But he again denied his forces used chemical weapons in an August 21 attack that killed hundreds of civilians.
The assault led to threats of a US strike and eventually the UN resolution requiring Syria to give up its arsenal.
Later on Monday, UN chief Ban Ki-moon is expected to send a report to the Security Council detailing the logistics of what is considered one of the biggest and most dangerous disarmament operations ever.
Rebels attack two key army bases
On Monday rebels launched a major assault on two key military bases in northwestern Syria, killing 10 soldiers and destroying three tanks in the heaviest fighting the area has seen in months, activists said.
The offensive -- dubbed "The Earthquake" -- was aimed at seizing Wadi Deif and Hamidiyeh, which the insurgents have besieged for almost a year, said the Syrian Observatory for Human Rights.
Wadi Deif, a garrison housing a large quantity of weapons in Idlib province, is located near Hamidiyeh, the last military stronghold in the region still in the hands of Assad's army.
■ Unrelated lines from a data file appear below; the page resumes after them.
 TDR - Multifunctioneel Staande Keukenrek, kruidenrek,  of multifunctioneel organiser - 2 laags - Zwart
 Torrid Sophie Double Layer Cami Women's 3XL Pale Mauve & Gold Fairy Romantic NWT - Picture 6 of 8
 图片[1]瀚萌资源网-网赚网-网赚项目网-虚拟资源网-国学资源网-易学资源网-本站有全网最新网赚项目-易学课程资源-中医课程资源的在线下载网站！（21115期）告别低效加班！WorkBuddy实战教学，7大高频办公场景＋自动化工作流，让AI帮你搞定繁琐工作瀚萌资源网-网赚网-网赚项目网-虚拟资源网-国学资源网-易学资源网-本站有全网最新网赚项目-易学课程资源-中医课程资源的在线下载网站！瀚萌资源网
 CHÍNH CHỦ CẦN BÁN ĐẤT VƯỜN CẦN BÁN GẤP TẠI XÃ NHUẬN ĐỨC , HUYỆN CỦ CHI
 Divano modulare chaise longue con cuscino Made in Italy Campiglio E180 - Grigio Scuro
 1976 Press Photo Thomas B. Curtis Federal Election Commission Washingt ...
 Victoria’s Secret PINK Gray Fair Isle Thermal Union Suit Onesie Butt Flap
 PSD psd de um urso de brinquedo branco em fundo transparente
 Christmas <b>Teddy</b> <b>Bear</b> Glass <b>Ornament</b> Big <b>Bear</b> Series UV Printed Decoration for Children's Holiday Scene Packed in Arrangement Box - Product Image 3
Elsewhere, the army completely reopened the only supply route linking central Syria with the northern city of Aleppo after a year of fierce fighting.
At least 115,000 people have been killed since the uprising began in March 2011.
Two million have become refugees and millions more have been displaced inside Syria, as entire neighbourhoods in major cities have been reduced to rubble.
Lavrov said Russia and the United States had agreed to push for the convening of a Syria peace conference in Geneva next month.
"We advocate holding the international conference in mid-November," Lavrov said after his talks with Kerry.
"Today we agreed on the steps needed for both the government and the opposition to come to the conference," RIA-Novosti news agency quoted him as saying.
French Defence Minister Jean-Yves Le Drian said his government hoped the Geneva talks succeed as "there will be no military solution in Syria."